Apple’s growth machine has hit a new gear with iPad, and I’d like to take this post to due some geeky quick and dirty analysis in the manner used at my day job to get a sense of Apple’s expectations for the platform and to guess as to whether its rapid take-off is a good sign or a sign of danger.

Let’s start with a technique called Discovery-Driven Planning, a strategic technique pioneered by Rita Gunther McGrath and Ian C. MacMillan in 1995. DDP, as it’s known, is just about the only effective way to do business planning for a radically new business concept. Since there is no existing market data to draw from for a totally new market (or, in the case of the iPad, no relevant market data; Newton’s performance doesn’t matter here), you should start with how much profit you want to make, and then discover the required investment and business operation needed to make that happen.

So let’s start with the core assumption — profit. In most businesses, a significant new platform is expected to increase annual earnings by 10 percent. This isn’t always true, but it’s a useful place to start. In 2009, Apple’s earnings were $8.235 billion. That would suggest that the iPad would need to contribute about $825 million in new profit in order to really move the needle in a positive direction. Apple’s typical profit margin is about 20 percent, so the revenue needed to generate $825 million in profit would be somewhere in the neighborhood of $4.125 billion (please note: I’m taking a lot of shortcuts on my DDP here — it’s meant to forecast the minimum number of units Apple is shooting for, not any of the operational pro forma).
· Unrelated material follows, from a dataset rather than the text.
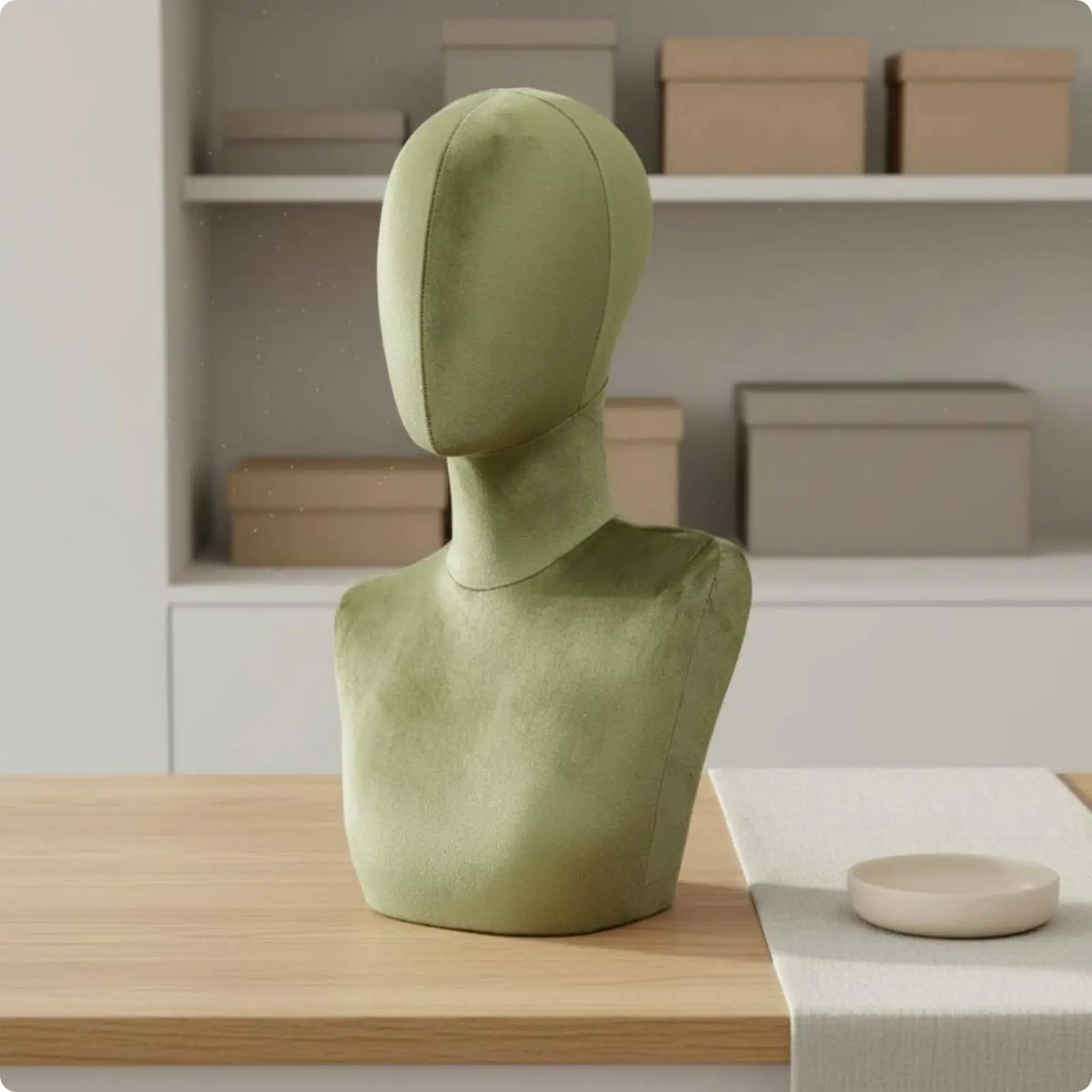 Velvet Fabric Mannequin Head Display Stand Bust for Organized Wig Hat Scarf Retail Photography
That comes out to around 8 million units per year sold at $499+.

What does that mean? Well, for one thing, Apple is clearly on pace to hit that mark — in fact, they’re on pace to sell 12 million units in year one, which would actually generate revenue of more than $6 billion per year out of the gate and profit of $1.2 billion in the same window. For context, that’s what the iPhone is currently making per quarter. Even so, it’s an impressive number, and one that clearly sets up the iPad to be at least the fourth-biggest business at Apple behind the iPhone, iPod and Mac and have that be significant.

All said, the biggest question is whether the current pace represents peak demand for iPad or signals the the start of a long, sharp upward trend over the long term. As I’ve said before, I’m in the latter camp. Eventually, I see no reason that the iPad couldn’t be a $20-billion business by itself in the next five years. That said, it will come at a cost. Eventually, iPad’s success will eat into Mac sales. The only question is when and how much.

This much is certain — Apple has launched the first unmitigated success in the tablet market. And there’s a lot of room left to climb.